Contributed Session 3:  Modeling, Math Biology and Math Finance
Top-down regulation and catastrophic transition in an intraguild predation model driven by IG-prey`s anti-predator nature
Debabrata Mandal
Indian Institute of Technology Roorkee
India
  Co-Author(s):    Sourav Kumar Sasmal
  Abstract:
 

Intraguild predation (IGP) combines predation and competition. The significance of IGP-models in many natural groups is becoming increasingly clear. In these IGP-systems, we sometimes witness a notable ecological phenomenon called top-down regulation, in which predatory activity at a higher trophic level influences the community structure of lower trophic levels. This talk focuses on how the anti-predator behavior of dangerous IG-prey regulates the top-down effect in an ecosystem.

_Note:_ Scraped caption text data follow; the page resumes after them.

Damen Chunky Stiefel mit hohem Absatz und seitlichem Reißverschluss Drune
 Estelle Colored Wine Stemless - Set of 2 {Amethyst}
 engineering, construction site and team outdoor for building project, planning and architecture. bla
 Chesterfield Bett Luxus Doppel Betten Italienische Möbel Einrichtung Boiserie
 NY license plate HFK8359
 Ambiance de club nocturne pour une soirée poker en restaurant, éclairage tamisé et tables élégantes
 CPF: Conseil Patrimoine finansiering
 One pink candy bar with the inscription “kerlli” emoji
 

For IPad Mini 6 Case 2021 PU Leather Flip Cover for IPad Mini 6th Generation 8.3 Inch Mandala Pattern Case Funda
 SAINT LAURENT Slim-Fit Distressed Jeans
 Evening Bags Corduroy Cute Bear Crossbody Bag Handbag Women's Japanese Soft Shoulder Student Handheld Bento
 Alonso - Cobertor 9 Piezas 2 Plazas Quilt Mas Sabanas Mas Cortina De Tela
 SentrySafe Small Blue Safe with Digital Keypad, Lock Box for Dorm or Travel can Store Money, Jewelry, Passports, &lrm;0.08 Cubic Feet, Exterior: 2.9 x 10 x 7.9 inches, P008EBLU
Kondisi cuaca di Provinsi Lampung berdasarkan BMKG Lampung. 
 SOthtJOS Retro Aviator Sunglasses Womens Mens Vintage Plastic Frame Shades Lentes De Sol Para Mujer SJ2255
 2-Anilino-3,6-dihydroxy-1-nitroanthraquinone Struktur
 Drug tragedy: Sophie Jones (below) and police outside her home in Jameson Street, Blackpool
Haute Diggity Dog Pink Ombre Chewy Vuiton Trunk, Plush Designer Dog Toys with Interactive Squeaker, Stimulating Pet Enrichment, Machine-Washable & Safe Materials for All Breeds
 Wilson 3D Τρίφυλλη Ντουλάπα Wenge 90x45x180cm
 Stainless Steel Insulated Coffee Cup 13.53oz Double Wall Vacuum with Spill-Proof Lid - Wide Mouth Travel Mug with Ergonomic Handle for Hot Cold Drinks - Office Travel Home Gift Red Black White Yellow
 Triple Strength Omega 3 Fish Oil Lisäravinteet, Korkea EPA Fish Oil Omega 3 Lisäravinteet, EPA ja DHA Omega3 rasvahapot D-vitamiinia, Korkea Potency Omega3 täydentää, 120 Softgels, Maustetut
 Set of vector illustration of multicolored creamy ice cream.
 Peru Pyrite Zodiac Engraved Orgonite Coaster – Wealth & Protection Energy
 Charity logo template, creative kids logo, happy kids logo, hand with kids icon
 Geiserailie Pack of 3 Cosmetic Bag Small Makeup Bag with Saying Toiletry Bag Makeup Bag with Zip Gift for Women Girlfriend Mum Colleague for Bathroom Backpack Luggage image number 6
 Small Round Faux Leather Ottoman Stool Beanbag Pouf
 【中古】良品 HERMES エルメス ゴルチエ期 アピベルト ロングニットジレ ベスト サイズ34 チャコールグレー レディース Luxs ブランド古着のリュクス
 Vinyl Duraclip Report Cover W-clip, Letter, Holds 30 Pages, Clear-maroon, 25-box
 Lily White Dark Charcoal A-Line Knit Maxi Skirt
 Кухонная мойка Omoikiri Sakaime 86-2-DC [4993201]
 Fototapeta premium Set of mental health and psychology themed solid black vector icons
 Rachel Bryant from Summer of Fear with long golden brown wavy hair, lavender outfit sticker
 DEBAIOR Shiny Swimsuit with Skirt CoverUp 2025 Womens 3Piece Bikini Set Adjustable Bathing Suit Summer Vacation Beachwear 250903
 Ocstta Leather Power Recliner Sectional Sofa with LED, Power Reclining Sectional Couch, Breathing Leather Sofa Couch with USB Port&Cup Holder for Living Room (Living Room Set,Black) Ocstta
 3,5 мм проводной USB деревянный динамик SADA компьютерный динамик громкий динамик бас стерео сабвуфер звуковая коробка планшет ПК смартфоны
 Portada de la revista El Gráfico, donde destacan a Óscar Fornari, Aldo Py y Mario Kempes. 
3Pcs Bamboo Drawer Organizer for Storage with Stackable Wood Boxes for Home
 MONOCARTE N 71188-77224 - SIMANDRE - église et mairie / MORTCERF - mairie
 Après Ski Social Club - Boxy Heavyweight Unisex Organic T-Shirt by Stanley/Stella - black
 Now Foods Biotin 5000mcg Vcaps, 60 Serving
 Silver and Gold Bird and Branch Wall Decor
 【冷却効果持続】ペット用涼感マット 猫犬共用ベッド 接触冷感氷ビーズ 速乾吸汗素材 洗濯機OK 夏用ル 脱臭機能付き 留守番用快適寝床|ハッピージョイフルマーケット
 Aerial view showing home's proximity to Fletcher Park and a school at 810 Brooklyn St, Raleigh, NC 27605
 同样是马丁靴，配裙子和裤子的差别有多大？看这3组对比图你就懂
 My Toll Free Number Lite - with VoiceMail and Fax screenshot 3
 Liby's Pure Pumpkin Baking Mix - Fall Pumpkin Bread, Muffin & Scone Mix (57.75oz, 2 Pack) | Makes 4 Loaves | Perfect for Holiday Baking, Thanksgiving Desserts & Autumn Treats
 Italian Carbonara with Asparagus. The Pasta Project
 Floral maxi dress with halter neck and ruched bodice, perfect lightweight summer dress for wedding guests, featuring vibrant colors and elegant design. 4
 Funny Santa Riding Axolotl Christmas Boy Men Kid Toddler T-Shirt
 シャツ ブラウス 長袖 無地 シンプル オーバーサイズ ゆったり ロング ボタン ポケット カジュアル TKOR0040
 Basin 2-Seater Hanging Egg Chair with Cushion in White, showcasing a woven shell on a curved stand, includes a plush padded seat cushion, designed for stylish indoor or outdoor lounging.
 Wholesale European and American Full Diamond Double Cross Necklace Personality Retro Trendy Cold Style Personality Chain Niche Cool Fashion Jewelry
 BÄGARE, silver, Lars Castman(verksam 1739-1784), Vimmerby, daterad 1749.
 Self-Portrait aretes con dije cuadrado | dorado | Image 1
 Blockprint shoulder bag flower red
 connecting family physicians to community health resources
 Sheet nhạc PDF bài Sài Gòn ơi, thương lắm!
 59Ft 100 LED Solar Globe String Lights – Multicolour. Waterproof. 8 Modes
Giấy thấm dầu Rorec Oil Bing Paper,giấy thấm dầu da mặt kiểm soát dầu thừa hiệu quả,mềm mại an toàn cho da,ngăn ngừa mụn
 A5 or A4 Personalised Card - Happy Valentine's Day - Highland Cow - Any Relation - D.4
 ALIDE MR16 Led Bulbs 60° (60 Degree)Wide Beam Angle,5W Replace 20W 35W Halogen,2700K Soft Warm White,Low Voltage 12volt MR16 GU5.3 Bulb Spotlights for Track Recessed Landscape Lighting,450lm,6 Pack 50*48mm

To accomplish this, we developed a three-layered IGP-model incorporating the Holling type-I and type-IV functional responses for interactions of shared-prey with their predators and between IG-prey and IG-predators, respectively, along with the anti-predator behavior of IG-prey through direct killing of primarily juvenile predators. This study provides adequate requirements for all equilibria to exist and be locally stable for the proposed IGP-model. Sufficient conditions for species persistence and extinction are discussed analytically. Depending on the initial population size, the IGP-model exhibits hysteresis cycle and undergoes a catastrophic shift to extinction of the IG-predators by altering the strength of the IG-prey`s group defense. In a nutshell, our IGP-model fails to show top-down regulation in the presence of the dangerous IG-prey`s anti-predator nature, but in its absence, it does.